- _Work to be completed_:
For the records that follow, please set down exactly the lines between the one holding "abc8 APK অফিসিয়াল ডাউনলোড" and the one holding "5 Cái Bánh Croissant NORBETA Vị Socola", inclusive, and only those.

- _Source information_:
-- Opening Marker --

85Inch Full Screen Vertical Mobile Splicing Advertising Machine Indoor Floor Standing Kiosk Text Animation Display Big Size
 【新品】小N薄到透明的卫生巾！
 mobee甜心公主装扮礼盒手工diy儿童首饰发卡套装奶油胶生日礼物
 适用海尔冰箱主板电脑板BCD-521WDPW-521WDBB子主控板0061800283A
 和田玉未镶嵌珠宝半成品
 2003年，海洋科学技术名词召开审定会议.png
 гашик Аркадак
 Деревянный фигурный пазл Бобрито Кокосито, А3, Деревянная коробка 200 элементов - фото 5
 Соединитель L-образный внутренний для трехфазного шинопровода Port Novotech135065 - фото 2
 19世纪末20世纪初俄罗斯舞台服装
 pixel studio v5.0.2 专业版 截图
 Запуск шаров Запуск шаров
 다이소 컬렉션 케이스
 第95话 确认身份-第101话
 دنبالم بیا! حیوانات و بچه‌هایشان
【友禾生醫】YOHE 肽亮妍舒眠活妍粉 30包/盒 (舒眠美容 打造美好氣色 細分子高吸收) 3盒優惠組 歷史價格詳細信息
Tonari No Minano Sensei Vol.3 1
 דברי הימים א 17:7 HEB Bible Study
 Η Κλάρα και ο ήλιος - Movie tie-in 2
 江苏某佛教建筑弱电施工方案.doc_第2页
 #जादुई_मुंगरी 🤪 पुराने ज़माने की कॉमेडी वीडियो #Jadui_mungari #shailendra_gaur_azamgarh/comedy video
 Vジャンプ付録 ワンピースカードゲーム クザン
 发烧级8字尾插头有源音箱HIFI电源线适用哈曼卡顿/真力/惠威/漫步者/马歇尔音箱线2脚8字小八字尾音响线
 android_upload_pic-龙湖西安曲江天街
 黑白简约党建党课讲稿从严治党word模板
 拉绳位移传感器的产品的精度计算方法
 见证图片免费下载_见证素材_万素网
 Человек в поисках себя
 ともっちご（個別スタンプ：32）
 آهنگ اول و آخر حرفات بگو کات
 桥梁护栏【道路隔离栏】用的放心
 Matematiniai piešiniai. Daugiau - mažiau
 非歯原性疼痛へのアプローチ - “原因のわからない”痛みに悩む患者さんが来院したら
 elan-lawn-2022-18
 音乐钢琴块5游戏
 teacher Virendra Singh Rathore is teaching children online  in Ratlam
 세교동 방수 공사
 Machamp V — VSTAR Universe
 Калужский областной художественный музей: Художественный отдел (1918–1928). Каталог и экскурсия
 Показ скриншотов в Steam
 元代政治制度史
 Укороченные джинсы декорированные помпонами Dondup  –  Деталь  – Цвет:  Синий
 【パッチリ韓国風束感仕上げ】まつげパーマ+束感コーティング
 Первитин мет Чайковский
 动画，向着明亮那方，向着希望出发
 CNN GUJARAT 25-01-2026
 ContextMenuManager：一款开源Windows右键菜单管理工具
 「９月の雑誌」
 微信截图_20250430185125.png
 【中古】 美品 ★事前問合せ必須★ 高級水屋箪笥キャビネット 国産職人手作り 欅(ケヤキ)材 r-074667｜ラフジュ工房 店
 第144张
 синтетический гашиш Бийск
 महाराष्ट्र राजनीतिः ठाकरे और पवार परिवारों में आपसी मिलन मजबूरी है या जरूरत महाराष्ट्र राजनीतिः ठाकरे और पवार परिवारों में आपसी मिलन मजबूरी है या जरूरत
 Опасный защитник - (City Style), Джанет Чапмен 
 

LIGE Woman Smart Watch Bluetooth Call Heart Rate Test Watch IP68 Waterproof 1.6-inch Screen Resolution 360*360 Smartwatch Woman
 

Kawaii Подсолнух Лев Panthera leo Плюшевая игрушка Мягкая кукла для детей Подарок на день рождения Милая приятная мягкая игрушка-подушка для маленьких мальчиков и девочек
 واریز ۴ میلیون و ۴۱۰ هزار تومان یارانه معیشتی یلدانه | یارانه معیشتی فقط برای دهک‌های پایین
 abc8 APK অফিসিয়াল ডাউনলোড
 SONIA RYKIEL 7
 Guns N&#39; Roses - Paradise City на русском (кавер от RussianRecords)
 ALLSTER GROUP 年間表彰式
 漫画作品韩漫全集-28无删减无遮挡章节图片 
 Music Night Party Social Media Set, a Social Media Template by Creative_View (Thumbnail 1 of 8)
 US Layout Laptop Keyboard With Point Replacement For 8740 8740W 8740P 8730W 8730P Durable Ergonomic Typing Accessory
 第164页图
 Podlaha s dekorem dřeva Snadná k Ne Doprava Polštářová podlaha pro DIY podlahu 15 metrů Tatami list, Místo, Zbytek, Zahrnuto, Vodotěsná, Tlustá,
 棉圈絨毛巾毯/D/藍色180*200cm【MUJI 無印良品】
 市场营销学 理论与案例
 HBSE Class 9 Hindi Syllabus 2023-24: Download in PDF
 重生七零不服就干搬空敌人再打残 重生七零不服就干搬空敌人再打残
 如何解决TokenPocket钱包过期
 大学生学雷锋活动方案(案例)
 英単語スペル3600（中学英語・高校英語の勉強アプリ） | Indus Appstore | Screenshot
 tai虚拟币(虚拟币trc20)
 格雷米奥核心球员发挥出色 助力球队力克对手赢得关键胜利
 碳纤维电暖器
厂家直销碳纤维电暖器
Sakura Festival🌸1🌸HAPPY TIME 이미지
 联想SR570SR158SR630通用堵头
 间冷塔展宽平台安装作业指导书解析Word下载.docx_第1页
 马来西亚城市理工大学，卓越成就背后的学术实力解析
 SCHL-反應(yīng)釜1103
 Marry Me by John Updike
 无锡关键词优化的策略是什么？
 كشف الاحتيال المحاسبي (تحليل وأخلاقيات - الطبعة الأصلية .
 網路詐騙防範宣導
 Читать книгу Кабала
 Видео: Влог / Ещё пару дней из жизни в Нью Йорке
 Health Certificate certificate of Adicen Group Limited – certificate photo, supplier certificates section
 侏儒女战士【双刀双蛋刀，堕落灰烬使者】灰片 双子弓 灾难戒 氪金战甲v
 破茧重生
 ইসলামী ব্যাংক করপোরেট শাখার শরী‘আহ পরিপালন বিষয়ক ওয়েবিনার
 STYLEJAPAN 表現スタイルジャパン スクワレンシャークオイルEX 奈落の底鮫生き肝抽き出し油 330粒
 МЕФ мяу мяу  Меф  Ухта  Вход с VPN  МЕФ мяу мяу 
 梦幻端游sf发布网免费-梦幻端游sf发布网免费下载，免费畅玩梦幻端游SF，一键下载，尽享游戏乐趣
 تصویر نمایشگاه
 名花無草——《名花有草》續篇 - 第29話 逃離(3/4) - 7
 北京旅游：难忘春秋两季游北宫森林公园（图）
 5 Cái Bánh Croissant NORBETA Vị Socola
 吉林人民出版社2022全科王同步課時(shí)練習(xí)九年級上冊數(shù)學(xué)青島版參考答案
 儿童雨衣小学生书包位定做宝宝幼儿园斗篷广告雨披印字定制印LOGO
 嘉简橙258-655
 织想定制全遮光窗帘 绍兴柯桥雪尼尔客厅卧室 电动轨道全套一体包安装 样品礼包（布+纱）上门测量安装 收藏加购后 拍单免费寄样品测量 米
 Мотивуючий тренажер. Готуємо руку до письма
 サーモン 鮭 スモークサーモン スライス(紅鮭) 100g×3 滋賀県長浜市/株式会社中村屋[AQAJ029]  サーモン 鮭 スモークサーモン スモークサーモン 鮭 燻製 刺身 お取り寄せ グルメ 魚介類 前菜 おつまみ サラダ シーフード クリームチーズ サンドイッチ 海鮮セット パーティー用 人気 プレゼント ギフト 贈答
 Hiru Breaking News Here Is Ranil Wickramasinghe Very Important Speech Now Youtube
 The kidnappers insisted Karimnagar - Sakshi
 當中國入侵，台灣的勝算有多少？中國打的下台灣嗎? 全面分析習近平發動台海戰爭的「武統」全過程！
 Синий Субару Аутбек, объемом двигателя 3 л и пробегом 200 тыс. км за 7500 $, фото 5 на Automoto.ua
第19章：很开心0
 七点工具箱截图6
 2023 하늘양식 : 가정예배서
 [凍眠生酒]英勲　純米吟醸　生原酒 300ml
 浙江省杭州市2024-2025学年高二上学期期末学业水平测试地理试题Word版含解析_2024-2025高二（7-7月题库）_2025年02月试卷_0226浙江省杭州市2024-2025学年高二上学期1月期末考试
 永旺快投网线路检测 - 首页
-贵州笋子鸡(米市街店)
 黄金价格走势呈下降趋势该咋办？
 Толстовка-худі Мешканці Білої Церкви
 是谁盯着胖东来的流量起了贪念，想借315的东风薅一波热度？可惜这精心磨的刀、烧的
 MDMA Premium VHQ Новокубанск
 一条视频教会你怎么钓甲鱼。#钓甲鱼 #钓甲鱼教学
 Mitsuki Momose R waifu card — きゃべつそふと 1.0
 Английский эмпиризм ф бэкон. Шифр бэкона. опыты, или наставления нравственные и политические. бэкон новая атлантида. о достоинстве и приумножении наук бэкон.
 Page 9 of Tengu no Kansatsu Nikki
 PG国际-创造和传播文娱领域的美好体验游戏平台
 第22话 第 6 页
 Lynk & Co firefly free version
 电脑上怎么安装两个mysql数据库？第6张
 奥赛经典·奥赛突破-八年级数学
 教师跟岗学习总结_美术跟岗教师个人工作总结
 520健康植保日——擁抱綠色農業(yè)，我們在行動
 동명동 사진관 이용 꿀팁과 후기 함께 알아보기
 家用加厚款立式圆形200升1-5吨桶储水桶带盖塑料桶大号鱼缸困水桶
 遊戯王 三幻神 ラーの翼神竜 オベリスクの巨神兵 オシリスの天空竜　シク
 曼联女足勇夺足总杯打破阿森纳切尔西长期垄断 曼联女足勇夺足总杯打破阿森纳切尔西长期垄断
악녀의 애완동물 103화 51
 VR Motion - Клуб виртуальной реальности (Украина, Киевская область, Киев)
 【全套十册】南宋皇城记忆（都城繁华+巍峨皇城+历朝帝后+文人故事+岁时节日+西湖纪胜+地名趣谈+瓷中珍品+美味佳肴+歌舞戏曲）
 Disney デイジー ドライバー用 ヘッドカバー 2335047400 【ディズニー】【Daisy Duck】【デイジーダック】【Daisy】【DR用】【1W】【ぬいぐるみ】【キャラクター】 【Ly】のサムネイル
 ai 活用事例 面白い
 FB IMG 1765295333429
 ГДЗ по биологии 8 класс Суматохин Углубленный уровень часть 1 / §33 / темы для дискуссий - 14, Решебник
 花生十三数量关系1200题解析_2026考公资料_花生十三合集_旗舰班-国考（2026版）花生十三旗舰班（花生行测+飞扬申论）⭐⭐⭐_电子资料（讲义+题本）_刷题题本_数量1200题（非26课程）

-- Closing Marker --

- _Response area_:
 abc8 APK অফিসিয়াল ডাউনলোড
 SONIA RYKIEL 7
 Guns N&#39; Roses - Paradise City на русском (кавер от RussianRecords)
 ALLSTER GROUP 年間表彰式
 漫画作品韩漫全集-28无删减无遮挡章节图片 
 Music Night Party Social Media Set, a Social Media Template by Creative_View (Thumbnail 1 of 8)
 US Layout Laptop Keyboard With Point Replacement For 8740 8740W 8740P 8730W 8730P Durable Ergonomic Typing Accessory
 第164页图
 Podlaha s dekorem dřeva Snadná k Ne Doprava Polštářová podlaha pro DIY podlahu 15 metrů Tatami list, Místo, Zbytek, Zahrnuto, Vodotěsná, Tlustá,
 棉圈絨毛巾毯/D/藍色180*200cm【MUJI 無印良品】
 市场营销学 理论与案例
 HBSE Class 9 Hindi Syllabus 2023-24: Download in PDF
 重生七零不服就干搬空敌人再打残 重生七零不服就干搬空敌人再打残
 如何解决TokenPocket钱包过期
 大学生学雷锋活动方案(案例)
 英単語スペル3600（中学英語・高校英語の勉強アプリ） | Indus Appstore | Screenshot
 tai虚拟币(虚拟币trc20)
 格雷米奥核心球员发挥出色 助力球队力克对手赢得关键胜利
 碳纤维电暖器
厂家直销碳纤维电暖器
Sakura Festival🌸1🌸HAPPY TIME 이미지
 联想SR570SR158SR630通用堵头
 间冷塔展宽平台安装作业指导书解析Word下载.docx_第1页
 马来西亚城市理工大学，卓越成就背后的学术实力解析
 SCHL-反應(yīng)釜1103
 Marry Me by John Updike
 无锡关键词优化的策略是什么？
 كشف الاحتيال المحاسبي (تحليل وأخلاقيات - الطبعة الأصلية .
 網路詐騙防範宣導
 Читать книгу Кабала
 Видео: Влог / Ещё пару дней из жизни в Нью Йорке
 Health Certificate certificate of Adicen Group Limited – certificate photo, supplier certificates section
 侏儒女战士【双刀双蛋刀，堕落灰烬使者】灰片 双子弓 灾难戒 氪金战甲v
 破茧重生
 ইসলামী ব্যাংক করপোরেট শাখার শরী‘আহ পরিপালন বিষয়ক ওয়েবিনার
 STYLEJAPAN 表現スタイルジャパン スクワレンシャークオイルEX 奈落の底鮫生き肝抽き出し油 330粒
 МЕФ мяу мяу  Меф  Ухта  Вход с VPN  МЕФ мяу мяу 
 梦幻端游sf发布网免费-梦幻端游sf发布网免费下载，免费畅玩梦幻端游SF，一键下载，尽享游戏乐趣
 تصویر نمایشگاه
 名花無草——《名花有草》續篇 - 第29話 逃離(3/4) - 7
 北京旅游：难忘春秋两季游北宫森林公园（图）
 5 Cái Bánh Croissant NORBETA Vị Socola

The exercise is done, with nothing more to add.